Sixteen years ago a little girl was abducted during the darkness of a solar eclipse while her older sister Cassie was supposed to be watching her. She was never seen again. When a local girl goes missing just before the next big eclipse, Cassie – who has returned to her home town to care for her ailing grandmother – suspects the disappearance is connected to her sister: that whoever took Olive is still out there. But she needs to find a way to prove it, and time is running out.

After the Eclipse had me holding my breath for long stretches of time without even realizing that I was doing it. This is a tense thriller about the possibly related disappearances of two young girls sixteen years apart.  Cassie, whose younger sister vanished on the night of an eclipse years ago, returns to the town where the event took place to take care of her ailing grandmother. When another young girl goes missing, she’s sure the two incidents are related. Guilt over not having been able to protect her sister drives her to try to find out what has happened to the second girl, even at the cost of re-opening old wounds. The search for the girl is as much about healing herself as it is about saving the child, and I couldn’t help but root for Cassie, even though there were times when I just wanted to shake her.

Read on for an excerpt from the book, and be sure to visit the other blogs on the tour!

  1. – set-up (616) p.25-27

The missing girl, according to the article on my phone, had left school at half past three on Friday and hadn’t made it home. No note, no indication that she was going anywhere. None of her friends knew anything. I scrolled down the article with the tip of my finger, itching for more information, when Henry’s gravelly chuckle brought me back to my senses.

“All right, you’re not stubborn,” Henry said. “But I do think it would do you good. Give you a bit of focus. And anyway, it’s an excuse to go and see—”

“Don’t say it,” I grumbled. “I haven’t seen her since her dad’s funeral, Henry. That was three years ago. Why would she want to see me now? It would be too…”

“Awkward? Come on, darling.
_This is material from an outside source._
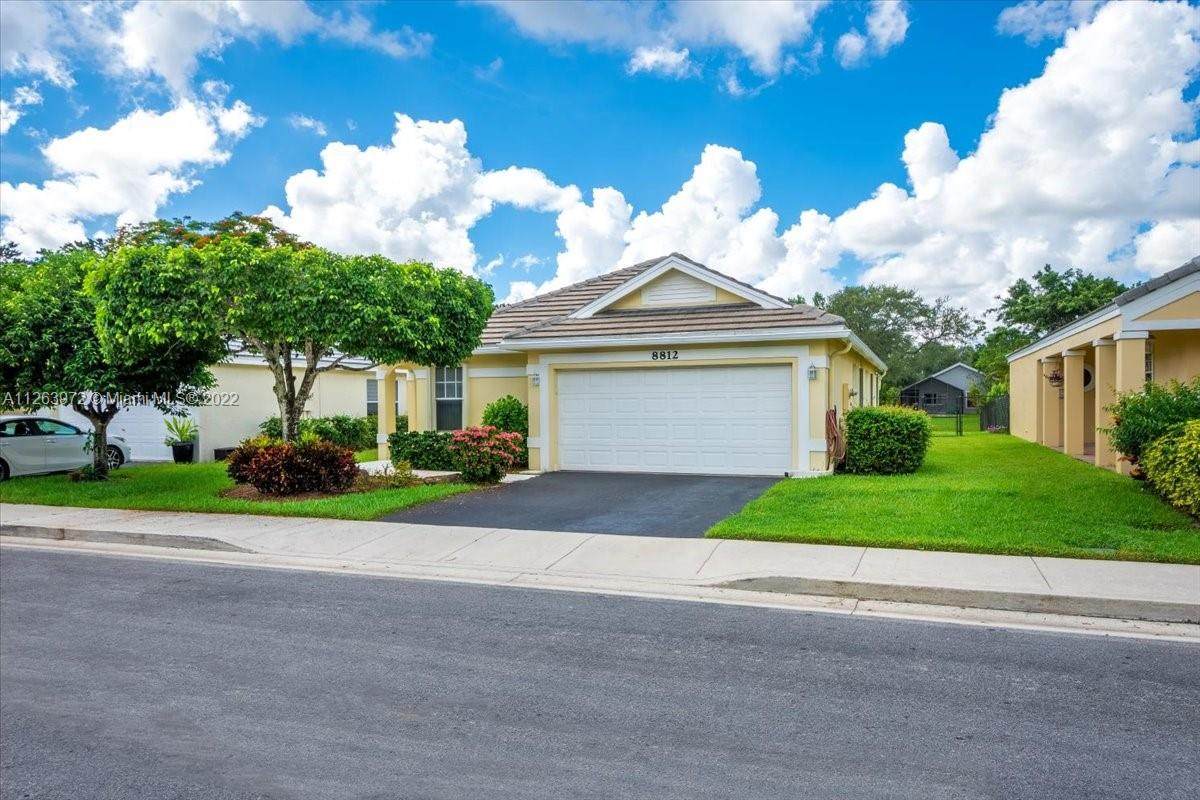 8812 Lake Park Cir S - Photo 1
I’ve heard the way you two talk on the phone. She can’t get you to shut up. She’s your Juliet.”

“Oh God. Don’t start that again. Just because you’re super into gay marriage doesn’t mean I have to be. Besides, it didn’t exactly work out for the best for Romeo did it? I’d rather stick with Rosaline.”

Henry let out a barking laugh but didn’t press me any further. We chatted for another few minutes and I could almost pretend that I had everything under control.
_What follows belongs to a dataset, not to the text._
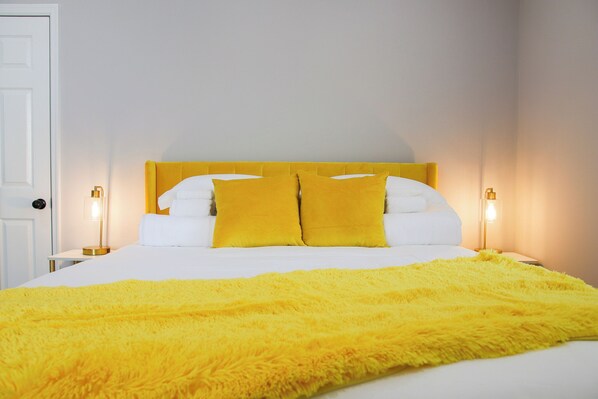 3 bedrooms, desk, iron/ironing board, free WiFi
Then Henry said, “Helen asked about you, you know. I told her you were okay. She seemed glad.”

The pit in the bottom of my stomach opened right up and I thought my heart might fall in. I swallowed. Truthfully, it didn’t hurt that she’d dumped me as much as it hurt that she didn’t think we could stay friends. That, and the flat I’d lost when she said it. Moving to Bishop’s Green had seemed like a good way to start over, to move forward, to stop wallowing and do something different, but I’d forgotten how isolating it could be here. How lonely. I hadn’t even told Henry that my only friend in town was the guy who sold me coffee.

“Thanks,” I said softly. “Yeah, I’m okay. Talk later.”
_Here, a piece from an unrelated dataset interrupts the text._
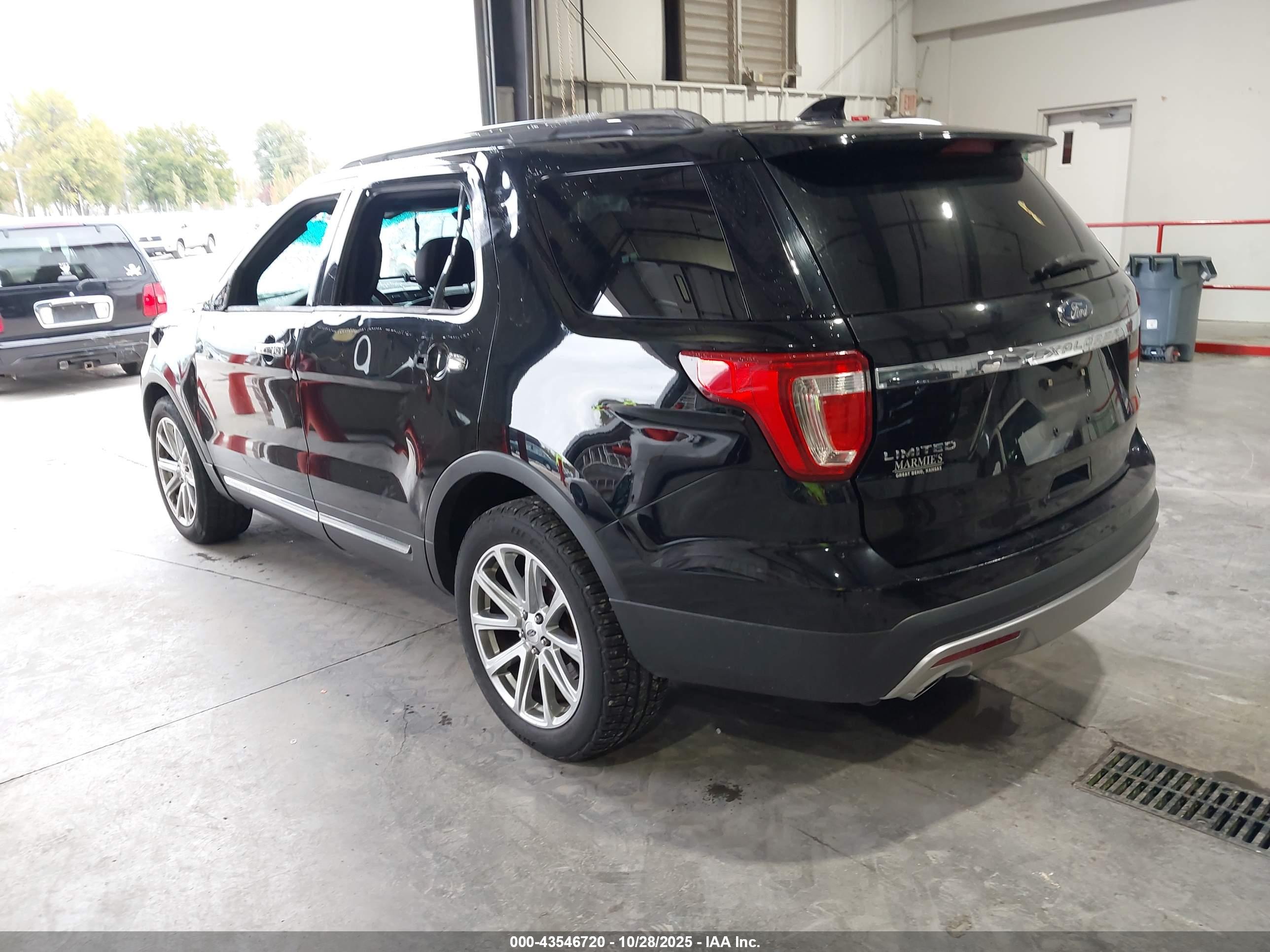 FORD EXPLORER image 3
I hung up, pushing down the frustration. My gaze fell on my phone again, and I caught sight of the photograph in the article. Grace Butler’s face was round and pink and scrubbed clean for a school picture. Blonde hair, blue eyes. She was positively angelic.

MISSING.
Pictured: eleven-year-old Grace Butler, who disappeared on her way home from school on Friday, 13 March.

A growing sense of unease filled me as I read the article for the third time. Her stepdad, Roger Upton, was pictured as well, looking dishevelled and distraught.

She’d been missing two days and they were already dragging the lake. Christ. I shook my head and pushed back the awful memory of that other time, sixteen years ago. Men on the lake, boats, a crowd gathered at the edge of the water.

I’d watched it unfold on Gran’s television set, shaking and unable to believe that it was real. That it was happening. That Olive wasn’t going to walk into the bedroom any moment and complain that I’d hidden her library book, and our summer holiday with Gran and Grandad wasn’t going to go right back to being boringboringboring.

The memory gripped me tight. I saw the relentlessly blue sky – not even the decency of rain. The wind barely stirring the trees around the lake. The woman on the screen tolled a number that was growing and growing. A hundred and forty- six hours since the eclipse. A hundred and forty-six hours since she’d vanished. A hundred and forty-six hours since I’d made the worst mistake of my life.

And now it was happening again.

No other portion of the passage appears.